The following kinds of filters are supported:

Statements
filter by semantic statements, i.e., by the actual content of sentences, see the section on semantic search below
Plain Text
filter by words with a full text search on the plain text of the papers (comparable to a traditional search engine)
Extracted Topics
filter by automatically extracted topics of the papers
Publication
filter by publication title/event
Authors
filter by author names
Year
filter by publication years; you can also enter year ranges (e.g., 2006-2009) or collections of years and year ranges here, e.g., 1999,2002-2006,2008,2010
Title
filter by paper title or parts of titles
Affiliations
filter by affiliation organizations of the authors of a paper
Affiliation Sites
filter by author affiliation cities and countries

Changes in the filters collection automatically update the Results View. Filters can be set in three ways:

Click on a filter item in the Filters View to remove it. In addition, you have the possibility to remove all currently set filters with a single click on the link at the top of the Filters View. All filter changes are also recorded in the history of your web browser so that you can easily go back to a previous filter setting (or even bookmark an interesting filter setting or share it with colleagues).
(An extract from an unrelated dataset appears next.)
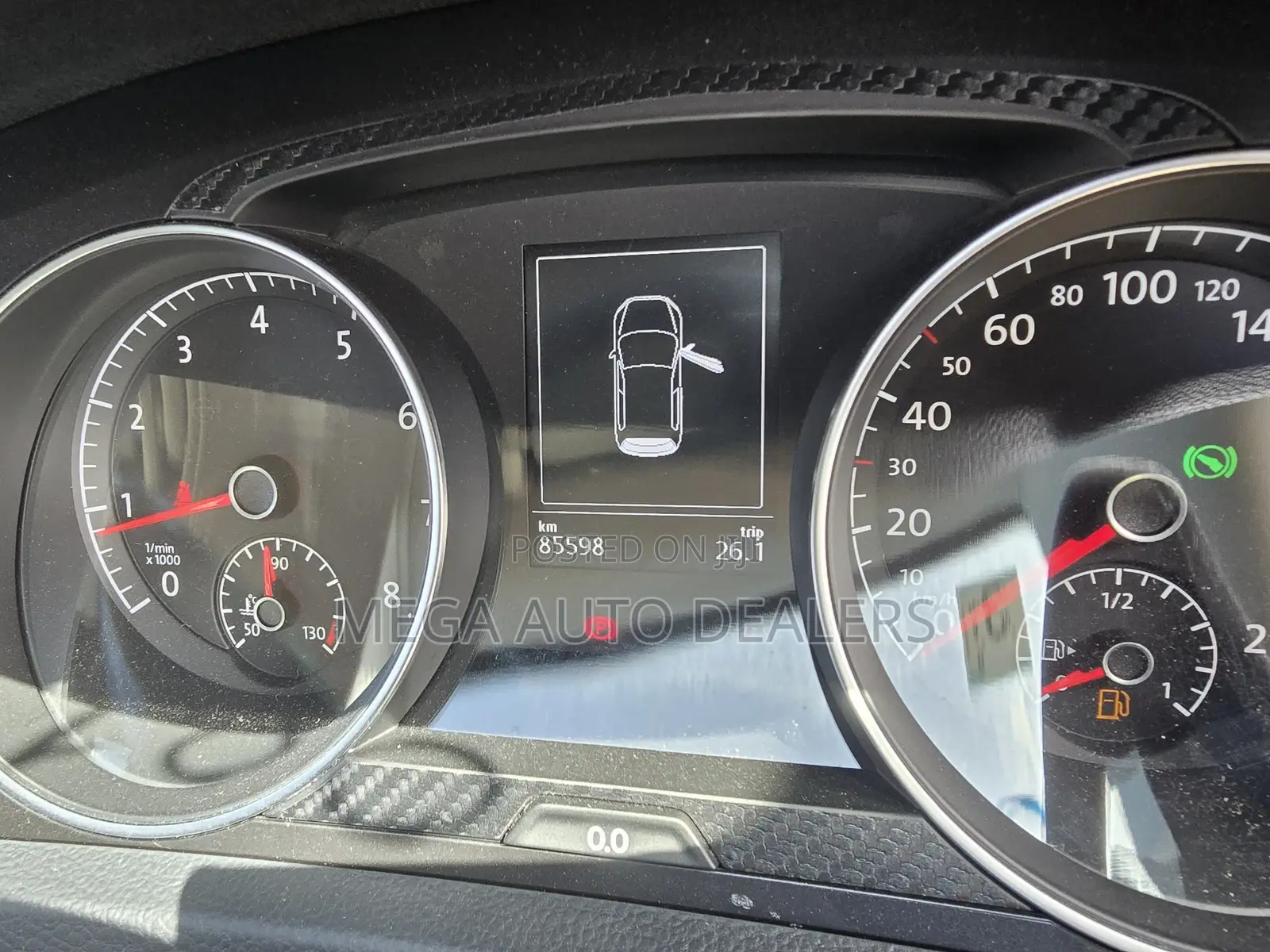 Volkswagen Golf 2018 Gray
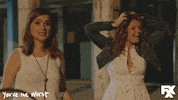 oh no gretchen GIF by You're The Worst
Found papers always match all currently set filters. For each filter type multiple different filter items can be set; one could search for papers written jointly by people from different research institutes on a certain topic, for example, by setting multiple affiliation site filters and a topic filter.

Set filter items can not only be removed but they can also be edited. To edit a filter item you simply click the little pencil button at the end of the item.

Matches of the statements filter and the plain text filter are highlighted in document snippets for each paper in the Results View and in the currently selected paper of the Document View.

Results View

The Results View in the upper right part of the searchbench user interface shows a list of found papers that match the filters currently set in the Filters View. Found papers are sorted by relevance, i.e., how well they match your filters. For each paper in the results view, the title, the publication year and the list of authors is shown. If you filter by statements or plain text, you get snippets for the matching papers in which the matching statements/words are highlighted.

At the top of the Results View you find the number of papers available for the currently set filters. By default, the view only shows a smaller number of papers at once; at the end of the currently shown results list you can request to show further results (if any).

By clicking the title of a paper in the results list, you can show the paper with further information in the Document View. Clicking a snippet of a paper in the results list not only opens the paper in the Document View but also highlights the clicked sentence in this view for a few seconds.

As already noted in the Filters View section, you can click metadata marked with a “+” symbol in the Results View in order to use it as a new search filter.

Document View

The Document View in the lower right part of the searchbench user interface provides a detailed view on the scientific paper which has previously been selected in the Results View. At its top, the Document View has a header displaying metadata of the current paper including the automatically extracted topics on the right. Below this header, the Document View provides three subviews of the selected paper:

  1. The Document Content View is a list of the sentences of the paper and provides different kinds of interaction with these sentences. Currently, headings, captions and footnotes are also treated as sentences; these different kinds of sentences are displayed with a different styling for a better overview.
  2. The PDF View shows the original PDF version of the paper.
  3. The Citations View provides views of the paper in its scientific context.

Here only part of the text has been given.